For the action research I wanted to make it easier and less time-consuming for the students’ decisions about glazing, and I wanted to know if students performing their own glaze tests in a standardised way would enhance their learning.
Standard test tiles
I made and hung some standardised glaze test tiles (see Plate 5) on the wall, so that they were highly visible. I then made a laminated template of the information on the test tile (appendix 1) and asked the students to do their tests in the same standardised way. I explained how these would be useful to future students. I gave individuals and small groups demonstrations of this standard glaze test. This included how to weigh and mix the glaze recipe and keep meticulous records of their own glaze recipes and tile labelling.
Occasionally, even after years of experience, if one is not familiar with a certain glaze one can still apply glaze too thickly or thinly. The application of glaze can be done in various ways, which include dipping, pouring, painting, and spraying. In my experience, this type of tacit knowledge is best conveyed individually or in small groups of 3-5 students. It allows time for students to ask questions and clarify their thinking.
Student 6 said:
“I prefer not to use glaze tests because it is time consuming.” I agree that the process can take time, but hopefully the rewards are worth it. If a glaze has not been used for a while, it may become thicker in the container as a result of evaporation or even become solid. Knowing how to mix glaze to the correct thickness before applying can affect the final look of a piece. Learning to judge the correct thickness (tacit knowledge) can only be acquired through the experience of mixing and applying glazes.
I encouraged tests by making blank ready-to-glaze tiles. Students were offered these for their own standardised glaze tests. I also made a laminated “how to glaze” guide (Appendix 2). I put several copies in the glaze cupboard so that students (in my absence) could access the steps for mixing and testing the thickness of a glaze before applying it to a piece of work or test tile. I encouraged students to use them, even if they thought they could remember the instructions.
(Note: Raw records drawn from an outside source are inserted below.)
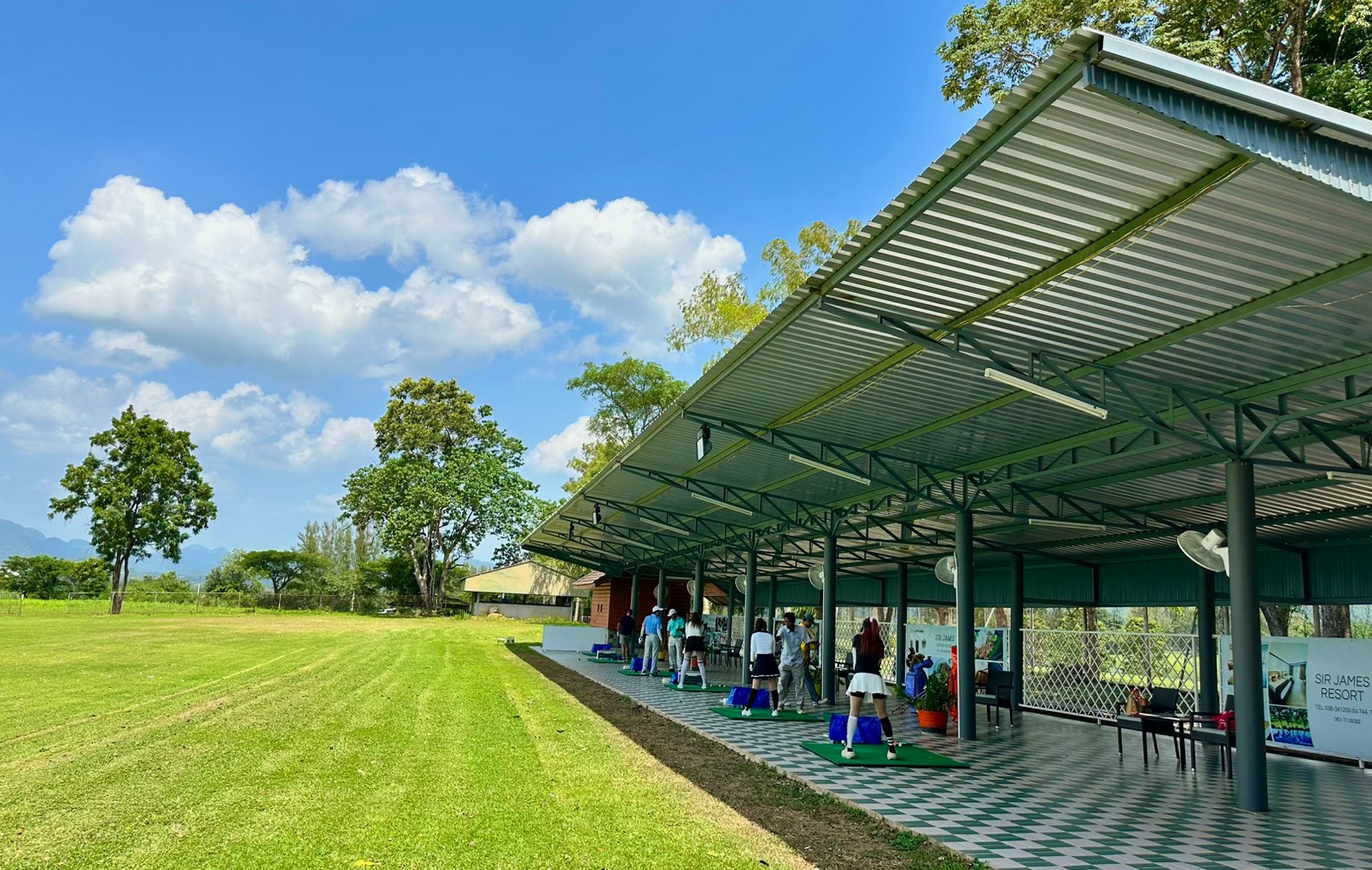 Driving Range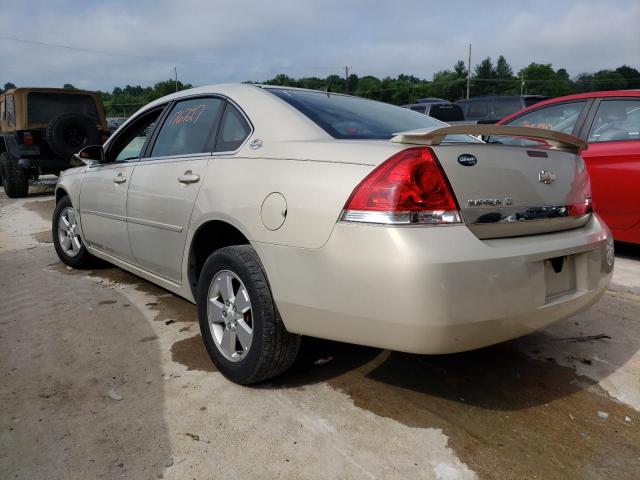 Photo 3 from auction – 2008 CHEVROLET IMPALA LT with VIN 2G1WT58K189257327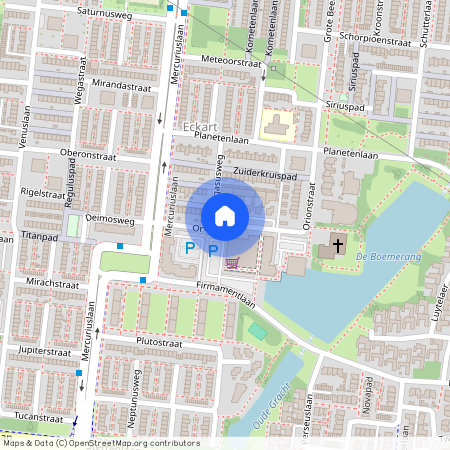 Eckart, 5632 DA, Orionstraat, Eindhoven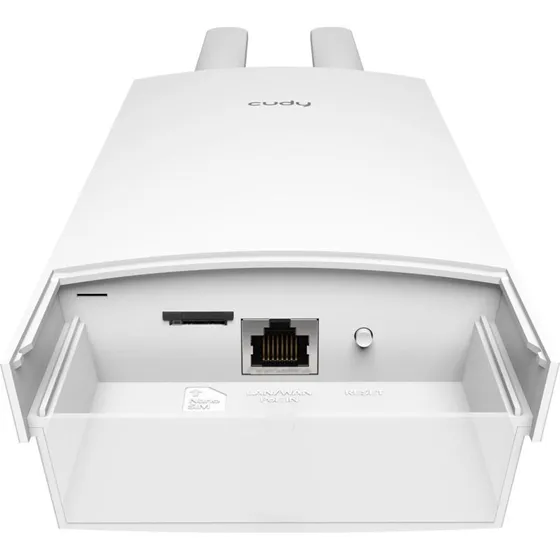 Cudy LT700 4G Dual-band AC1200 Outdoor Router - Hvid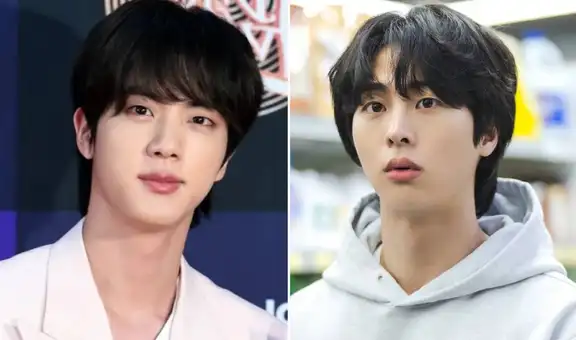 ¿Quién es Kim Mujun, el actor de 'Beso dinamita' que sorprende por su gran parecido a Jin de BTS?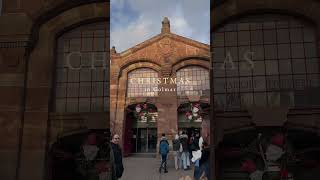 Places to Visit in Colmar’s Christmas Market colmar christmas europeanchristmas [upl. by Theobald]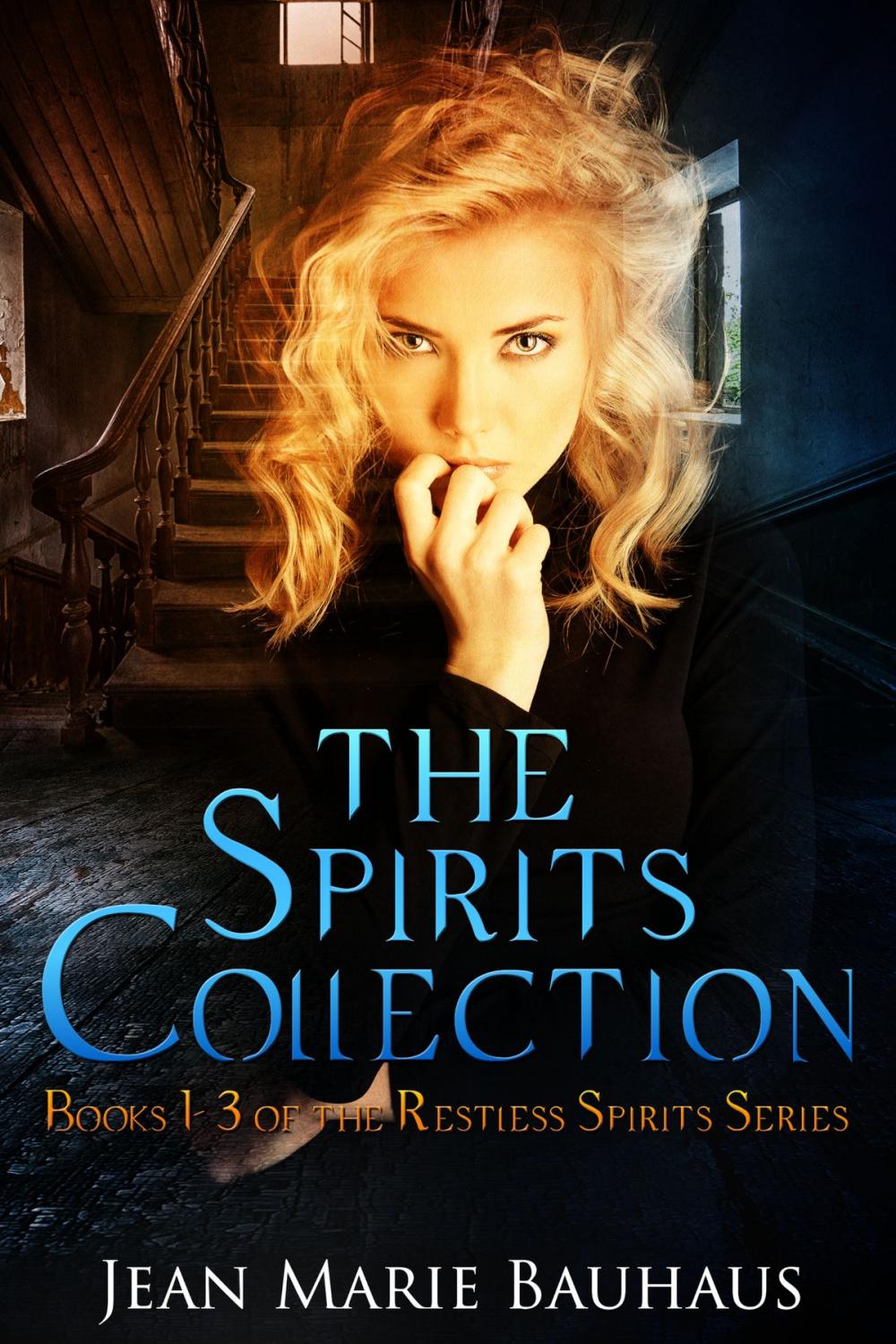 Big bigCover of The Spirits Collection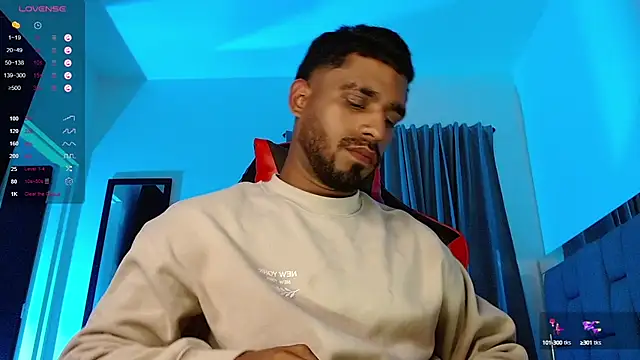 Snapshot of Christian_thor chatting on 02/26/25, 10:58 Christian thor online show from 02/26/25, 10:58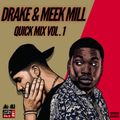 Drake Meek Mill Mix Vol 1 Hip Hop DJ Amili September 2018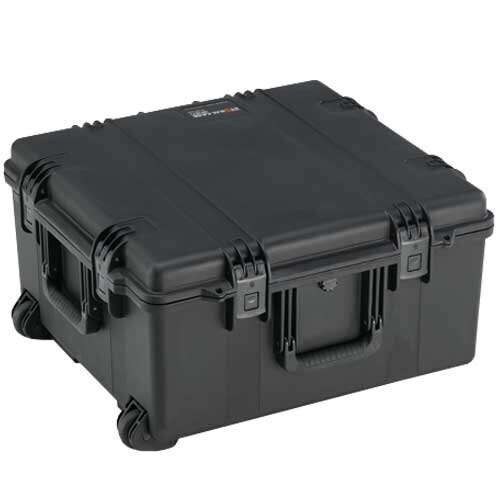 Widerstandsfähiger, wasserdichter Koffer Peli™ Storm Case® iM2875 ohne Schaumstoff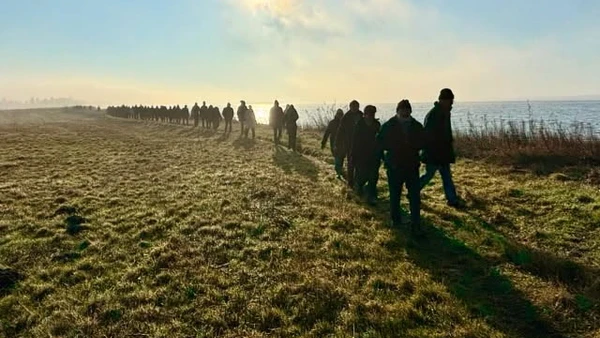 Guidet tur i naturen i Vordingborg Kommune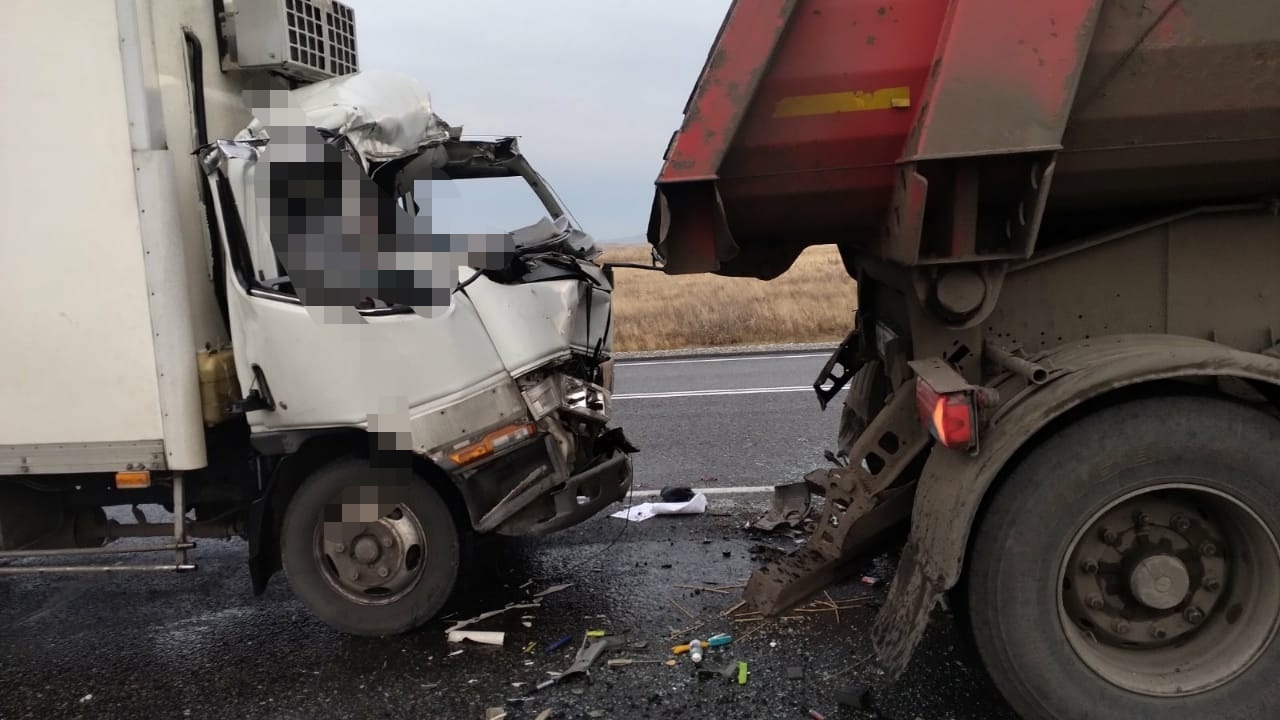 Смертельная авария произошла в Боградском районе Хакасии - Пульс Хакасии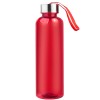 Бутылка для воды VERONA PET COLOR 550мл Красная с красным 6261.03 Бутылка для воды VERONA PET COLOR 550мл Красная с красным 6261.03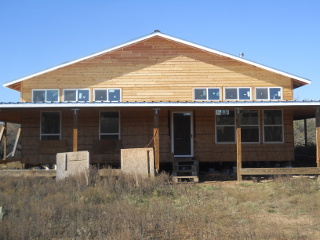 Full View of House Upper East Siding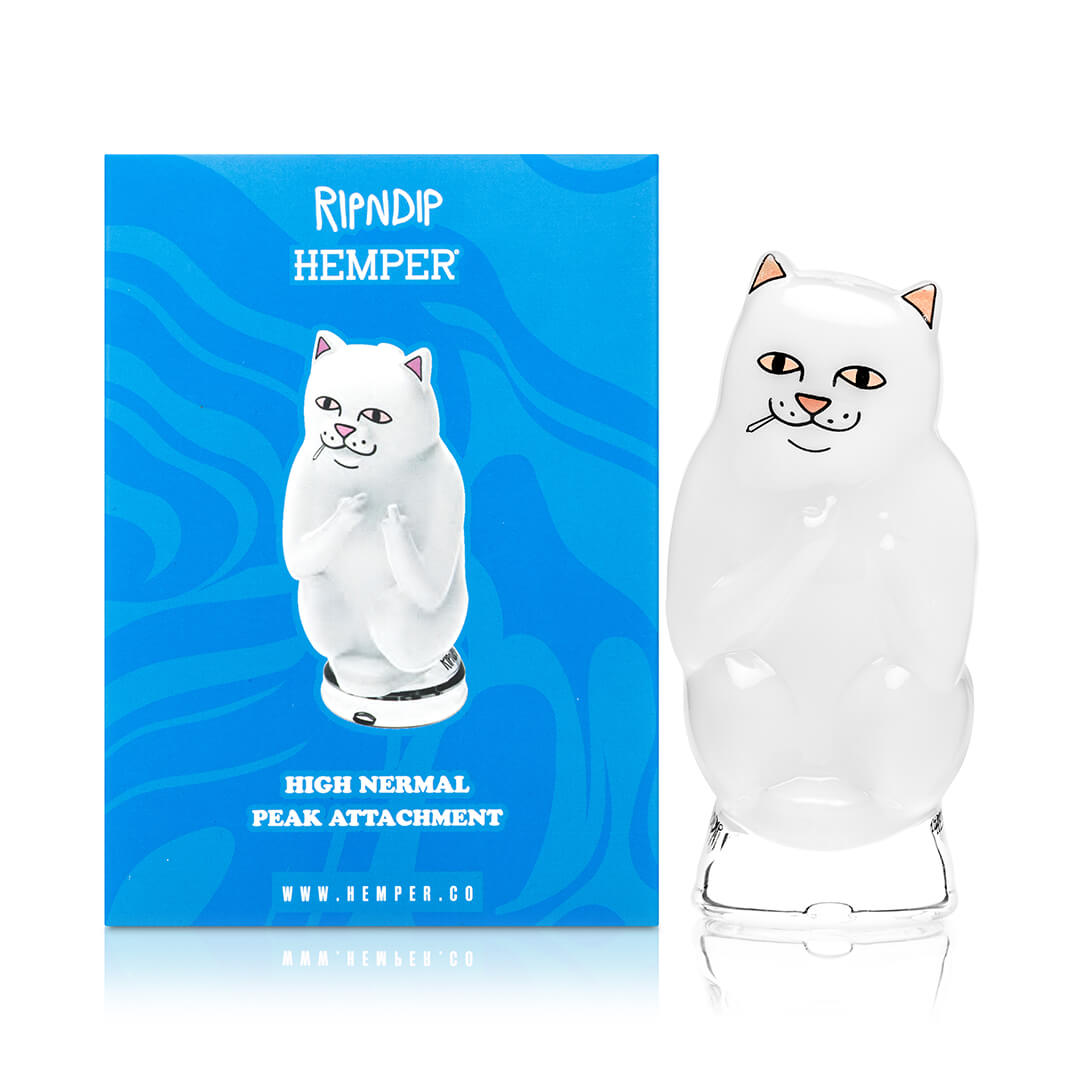 Hemper RIPNDIP x Hemper Peak Attachment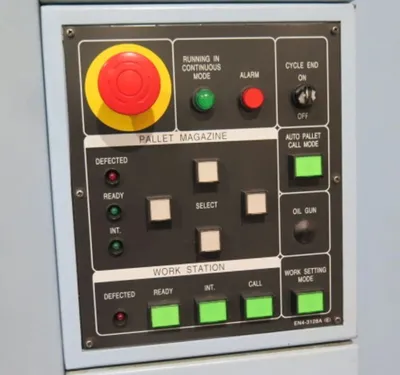 2007 MATSUURA MAM 72-63V MACHINING CENTERS, VERTICAL | Quick Machinery Sales, Inc. (11)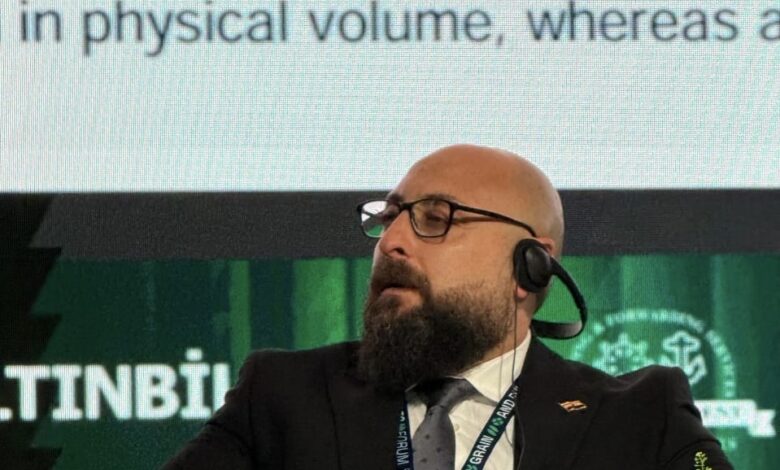 المصرية السويسرية تشارك في المنتدى العالمي للحبوب والبقوليات الروسي 2026  “صور”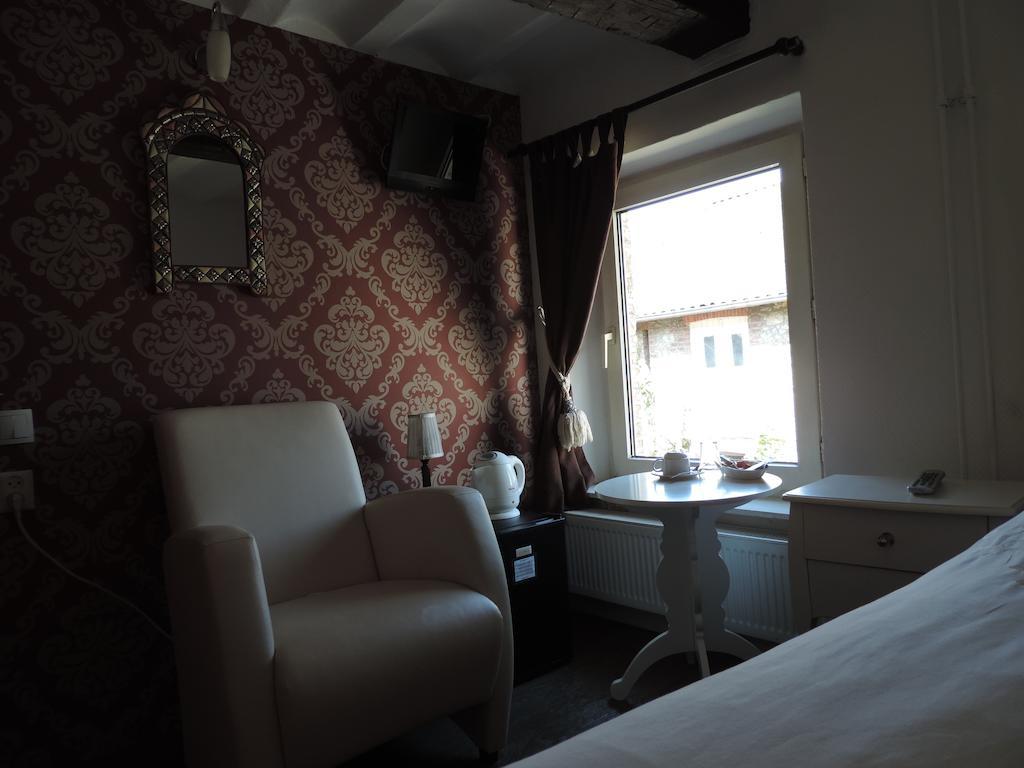 Hotel Berneau Rom bilde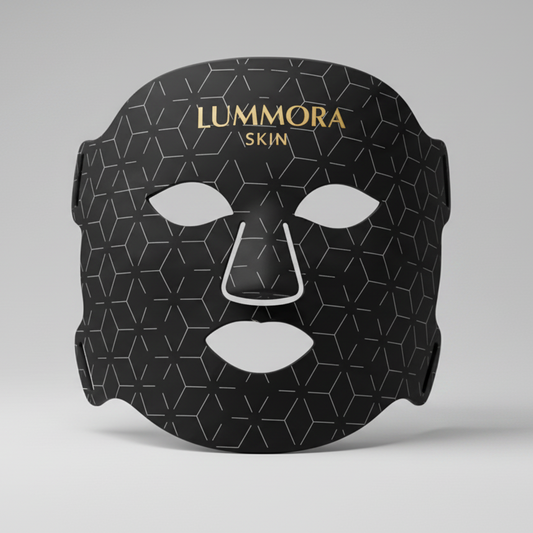 Kit Lummora Skin PRO masque LED Anti-Age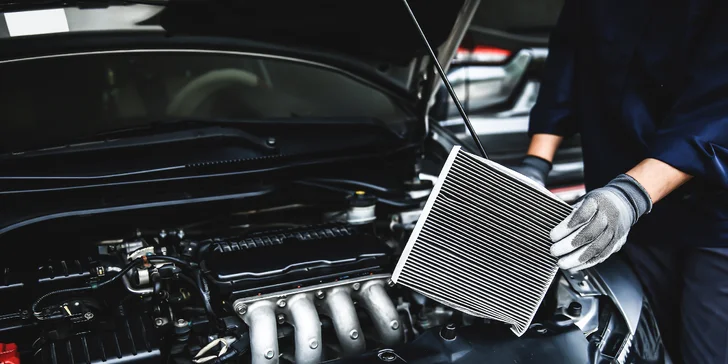 Servis a plnenie klimatizácie chladivom R134a a R1234yf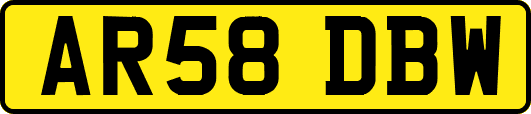 AR58DBW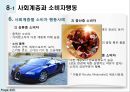 [A+] 소비자행동의 환경적 요인- 인구통계적 요인과 사회계층, 인구통계요인, 한국의 사회계층 구조변화, 미국의 사회계층, 사회계층과 제품가격촉진전략.ppt 8페이지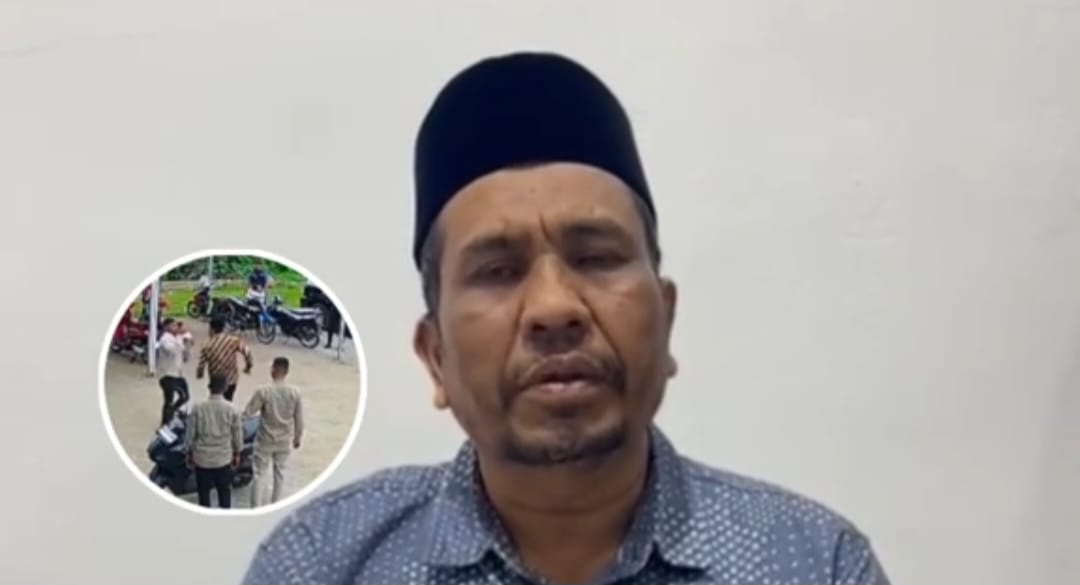 Wabup Pidie Jaya Minta Maaf Terbuka Di Medsos Usai Insiden Di Triengadeng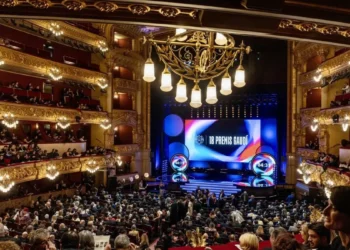 Rosalía y unos Gaudí sin baile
If blank tiles were not available, I made it clear that certain pieces left by previous students could be used for testing by keeping these on a clearly labelled shelf. Student 5 used one of these as his test piece because it was made from the same type of clay that he was using in his final work.
Student 5 test pieces
When test results came out of the kiln, I spoke about the results with the student(s) concerned and any other interested students. This prompt feedback helps students realise the information gained from doing the tests and often promotes a decision about how to glaze work or further testing, if there is time.
For the recordings I used an ancient cassette recorder that had worked when I had tested it, but did not record a group discussion in a noisy studio. Worse still, I had not realised that it was malfunctioning and rerecorded a second discussion, which did not record. On the third attempt to record a group discussion using a computer, the original group who had more experience were not available.
The recorded discussion (Appendix 4) took place with a group of students who had not done any test tiles, but nevertheless through discussion produced another small change, in that I put up a skill-sharing chart (Appendix 3) to help students locate another student with the requisite skills if the tutor or myself were not available. I also encouraged the students I felt were competent at a particular technique—but who had not signed the chart—to sign up. I often asked one student to explain something to another student and I followed up with the people involved to ensure they were comfortable with their roles.
During the discussions I responded to student feedback about the accessibility of the recipe book and labelled the test tiles with the recipe book page number. I intend to arrange the tiles in the boxes in numerical order so that they clearly correspond to the page in the recipe book. The tiles are only an indication of the visual appearance of the glaze after firing. The effect can change for many reasons, for example, if applied by someone else in a different manner, or placed higher or lower during the kiln firing. The benefit of testing a glaze for oneself is to ensure it will work in the intended way.